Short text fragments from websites

== Segment start ==

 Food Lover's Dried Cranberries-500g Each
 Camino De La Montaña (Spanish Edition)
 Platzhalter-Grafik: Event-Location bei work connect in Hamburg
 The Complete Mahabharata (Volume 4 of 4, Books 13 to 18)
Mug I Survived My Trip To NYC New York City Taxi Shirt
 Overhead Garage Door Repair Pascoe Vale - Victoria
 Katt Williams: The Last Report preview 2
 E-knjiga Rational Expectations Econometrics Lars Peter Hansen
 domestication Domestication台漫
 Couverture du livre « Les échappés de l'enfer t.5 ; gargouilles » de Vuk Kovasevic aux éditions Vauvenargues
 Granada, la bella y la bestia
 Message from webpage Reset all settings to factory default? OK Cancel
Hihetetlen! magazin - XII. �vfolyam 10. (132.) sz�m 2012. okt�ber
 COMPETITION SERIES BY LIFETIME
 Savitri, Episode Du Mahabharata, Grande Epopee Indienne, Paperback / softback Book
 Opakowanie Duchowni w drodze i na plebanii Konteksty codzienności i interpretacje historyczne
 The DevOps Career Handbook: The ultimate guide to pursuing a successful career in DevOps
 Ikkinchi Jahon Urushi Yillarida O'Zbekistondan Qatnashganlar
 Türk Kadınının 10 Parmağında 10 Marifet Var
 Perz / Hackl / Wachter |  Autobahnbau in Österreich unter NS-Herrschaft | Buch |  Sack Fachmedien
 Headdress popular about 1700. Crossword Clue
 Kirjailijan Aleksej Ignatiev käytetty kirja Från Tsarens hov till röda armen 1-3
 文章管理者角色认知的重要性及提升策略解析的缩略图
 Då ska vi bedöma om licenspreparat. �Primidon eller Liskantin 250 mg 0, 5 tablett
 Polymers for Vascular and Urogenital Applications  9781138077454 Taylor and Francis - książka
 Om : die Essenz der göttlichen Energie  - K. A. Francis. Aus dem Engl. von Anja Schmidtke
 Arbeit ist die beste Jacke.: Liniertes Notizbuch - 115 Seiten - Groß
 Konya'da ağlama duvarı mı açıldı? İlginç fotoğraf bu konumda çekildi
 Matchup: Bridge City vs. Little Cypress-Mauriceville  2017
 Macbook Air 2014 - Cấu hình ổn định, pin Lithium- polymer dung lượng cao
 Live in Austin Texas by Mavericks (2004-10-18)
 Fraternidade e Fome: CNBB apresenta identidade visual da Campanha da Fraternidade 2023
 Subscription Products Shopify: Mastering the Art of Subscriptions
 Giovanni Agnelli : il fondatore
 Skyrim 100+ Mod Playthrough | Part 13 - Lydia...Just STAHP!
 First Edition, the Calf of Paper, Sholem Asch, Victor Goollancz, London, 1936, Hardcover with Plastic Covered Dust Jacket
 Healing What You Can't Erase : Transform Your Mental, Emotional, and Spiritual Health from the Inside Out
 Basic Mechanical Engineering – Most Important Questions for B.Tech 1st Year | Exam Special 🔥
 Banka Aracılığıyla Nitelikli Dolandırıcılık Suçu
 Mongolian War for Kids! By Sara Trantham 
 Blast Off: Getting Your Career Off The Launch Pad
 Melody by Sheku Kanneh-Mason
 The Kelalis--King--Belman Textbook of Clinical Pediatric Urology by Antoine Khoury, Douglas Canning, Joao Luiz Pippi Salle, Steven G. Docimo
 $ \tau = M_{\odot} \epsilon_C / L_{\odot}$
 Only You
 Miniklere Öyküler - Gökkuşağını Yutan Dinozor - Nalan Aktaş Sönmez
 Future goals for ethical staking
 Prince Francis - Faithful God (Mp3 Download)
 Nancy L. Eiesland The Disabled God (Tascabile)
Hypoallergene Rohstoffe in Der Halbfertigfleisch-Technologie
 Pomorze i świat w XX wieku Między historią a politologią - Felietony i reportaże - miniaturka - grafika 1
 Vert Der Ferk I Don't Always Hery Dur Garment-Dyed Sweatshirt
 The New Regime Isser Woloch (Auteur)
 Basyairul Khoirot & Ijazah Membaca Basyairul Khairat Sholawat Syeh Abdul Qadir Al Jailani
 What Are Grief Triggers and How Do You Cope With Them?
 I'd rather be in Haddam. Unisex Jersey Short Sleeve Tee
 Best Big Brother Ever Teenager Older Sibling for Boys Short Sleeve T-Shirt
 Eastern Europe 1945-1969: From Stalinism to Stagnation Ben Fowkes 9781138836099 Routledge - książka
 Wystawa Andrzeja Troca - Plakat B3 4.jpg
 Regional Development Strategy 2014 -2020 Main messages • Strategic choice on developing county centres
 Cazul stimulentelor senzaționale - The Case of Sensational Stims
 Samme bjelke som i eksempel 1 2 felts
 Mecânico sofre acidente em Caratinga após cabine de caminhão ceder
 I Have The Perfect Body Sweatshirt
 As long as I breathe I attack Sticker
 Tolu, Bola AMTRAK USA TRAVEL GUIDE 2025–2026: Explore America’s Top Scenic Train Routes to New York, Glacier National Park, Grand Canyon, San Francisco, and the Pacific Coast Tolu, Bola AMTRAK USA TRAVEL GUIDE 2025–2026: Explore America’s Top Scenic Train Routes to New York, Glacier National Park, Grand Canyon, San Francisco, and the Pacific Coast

== Segment end ==

» WHAT IS REQUIRED
Using only the entries above, output the line with "Basic Mechanical Engineering", the line with "Mecânico sofre acidente", and all lines between them, exactly as they stand.

» ANSWER FOR THE TASK
 Basic Mechanical Engineering – Most Important Questions for B.Tech 1st Year | Exam Special 🔥
 Banka Aracılığıyla Nitelikli Dolandırıcılık Suçu
 Mongolian War for Kids! By Sara Trantham 
 Blast Off: Getting Your Career Off The Launch Pad
 Melody by Sheku Kanneh-Mason
 The Kelalis--King--Belman Textbook of Clinical Pediatric Urology by Antoine Khoury, Douglas Canning, Joao Luiz Pippi Salle, Steven G. Docimo
 $ \tau = M_{\odot} \epsilon_C / L_{\odot}$
 Only You
 Miniklere Öyküler - Gökkuşağını Yutan Dinozor - Nalan Aktaş Sönmez
 Future goals for ethical staking
 Prince Francis - Faithful God (Mp3 Download)
 Nancy L. Eiesland The Disabled God (Tascabile)
Hypoallergene Rohstoffe in Der Halbfertigfleisch-Technologie
 Pomorze i świat w XX wieku Między historią a politologią - Felietony i reportaże - miniaturka - grafika 1
 Vert Der Ferk I Don't Always Hery Dur Garment-Dyed Sweatshirt
 The New Regime Isser Woloch (Auteur)
 Basyairul Khoirot & Ijazah Membaca Basyairul Khairat Sholawat Syeh Abdul Qadir Al Jailani
 What Are Grief Triggers and How Do You Cope With Them?
 I'd rather be in Haddam. Unisex Jersey Short Sleeve Tee
 Best Big Brother Ever Teenager Older Sibling for Boys Short Sleeve T-Shirt
 Eastern Europe 1945-1969: From Stalinism to Stagnation Ben Fowkes 9781138836099 Routledge - książka
 Wystawa Andrzeja Troca - Plakat B3 4.jpg
 Regional Development Strategy 2014 -2020 Main messages • Strategic choice on developing county centres
 Cazul stimulentelor senzaționale - The Case of Sensational Stims
 Samme bjelke som i eksempel 1 2 felts
 Mecânico sofre acidente em Caratinga após cabine de caminhão ceder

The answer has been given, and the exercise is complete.